TORONTO – Doug Ford e Sylvia Jones non dovranno testimoniare alla commissione d’inchiesta pubblica di Ottawa. Lo ha stabilito ieri un giudice della Corte federale, chiamato a sciogliere uno dei tanti nodi di questa controversa vicenda. Il giudice Simon Fothergill ha dato quindi ragione al premier dell’Ontario e all’allora Sollicitor General provinciale – oggi è ministro della Sanità pubblica – ribadendo l’efficacia, anche in questa circostanza, dell’immunità parlamentare. Ford e Jones erano stati chiamati a deporre nell’inchiesta sull’attivazione della legislazione d’emergenza, ma i due esponenti del Progressive Conservative si erano opposti. Il commissario Paul Rouleau aveva convocato Ford e Jones a testimoniare all’inchiesta perché voleva conoscere il loro ruolo nella crisi che ha lasciato il centro di Ottawa occupato per settimane e il traffico bloccato nei valichi di frontiera più trafficati del paese.

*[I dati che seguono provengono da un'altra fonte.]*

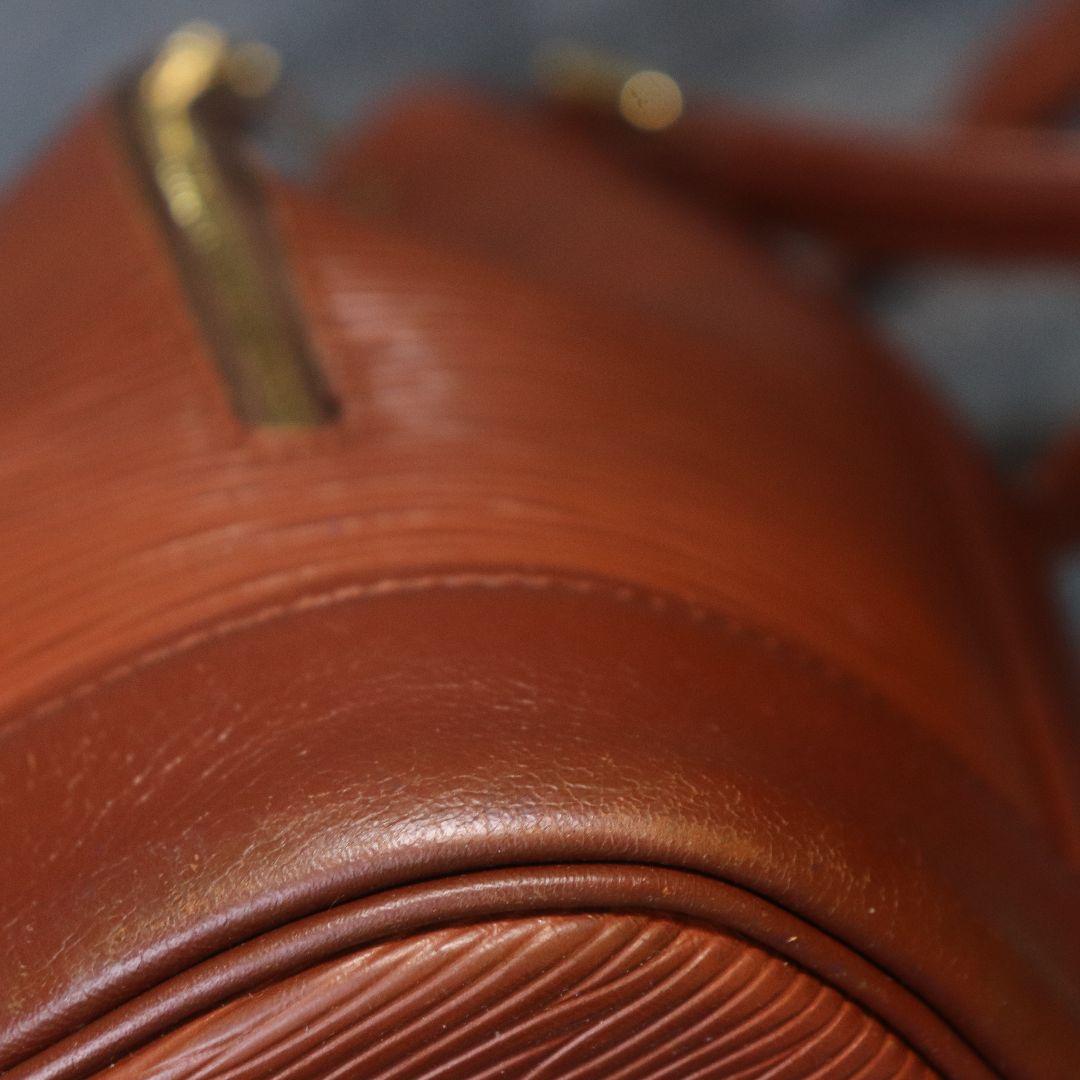 VALENTINO GARAVANI 巾着ショルダーバッグ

Il premier dell’Ontario, nel giustificare la sua opposizione alla richiesta di testimonianza, in più di un’occasione aveva sottolineato come a suo avviso l’intera vicenda fosse di competenza federale e non provinciale, e per questo motivo il suo contributo sarebbe stato pressoché nullo.

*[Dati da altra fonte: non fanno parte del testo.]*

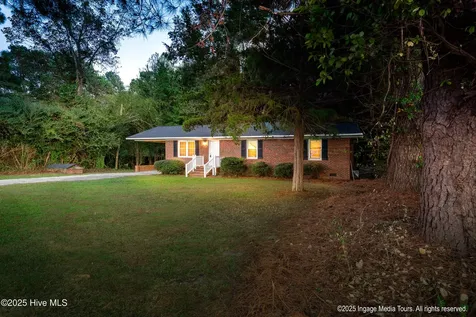 305 British Road Kinston NC 28501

Ieri, intanto, sono iniziate le deposizioni della quarta settimana di lavori della commissione d’inchiesta. Nelle prime due settimane le testimonianze si sono focalizzate sulle forze di polizia – Ottawa Police in primo luogo, ma anche Ontario Provincial Police e RCMP – e la gestione da parte delle forze di sicurezza dell’occupazione del centro storico di Ottawa da parte dei manifestanti del Freedom Convoy. La scorsa settimana, invece, hanno offerto la loro testimonianza i leader della protesta. Sono due sostanzialmente gli elementi che sono emersi dalle varie deposizioni. Da un lato la polizia di Ottawa non era preparata a gestire l’emergenza, per aver sottovalutato la portata della protesta e per aver calcolato male la possibile durata dell’occupazione del centro della Capitale.
Dall’altro il cosiddetto Freedom Convoy non era affatto un movimento coeso e compatto: al contrario i leader della protesta erano divisi non solo dall’idea di come portare avanti l’occupazione, ma anche da gelosie e ripicche, in un clima sempre più rovente anche a causa delle frizioni provocate dalla gestione delle risorse e delle donazioni raccolte nelle settimane precedenti.

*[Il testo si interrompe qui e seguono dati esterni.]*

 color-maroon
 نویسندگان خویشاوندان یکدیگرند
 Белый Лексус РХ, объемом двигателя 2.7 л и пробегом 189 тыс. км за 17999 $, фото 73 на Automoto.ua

Ora i lavori della commissione d’inchiesta si spostano su un altro capitolo della vicenda, l’occupazione dei valichi di frontiera. Ieri ha fornito la sua testimonianza Drew Dilkens, sindaco di Windsor, città che ospita l’Ambassador Bridge, ovvero il principale valico in termini di merci scambiate giornalmente tra il Canada e dagli Stati Uniti.
Dilkens ha confermato come era venuto a conoscenza di proteste sporadiche sul ponte già a fine gennaio, con numerosi camionisti che rallentavano vistosamente durante il loro passaggio. Di fronte a questa minaccia, la stessa Canada Border Services Agency avvertì il sindaco di Windsor che l’agenzia federakle avrebbe potuto bloccare il ponte per motivi di sicurezza mentre il numero di manifestanti cresceva.
Dilkens contattò il ministro della Pubblica Sicurezza Marco Mendicino con un messaggio di testo datato 4 febbraio. La sera del 7 febbraio, il ponte era completamente bloccato mentre i manifestanti allestivano un campo e dichiaravano che non se ne sarebbero andati.
Esattamente sette giorni dopo, il pomeriggio del 14 febbraio, il primo ministro Justin Trudeau annunciò che avrebbe invocato l’Emergencies Act.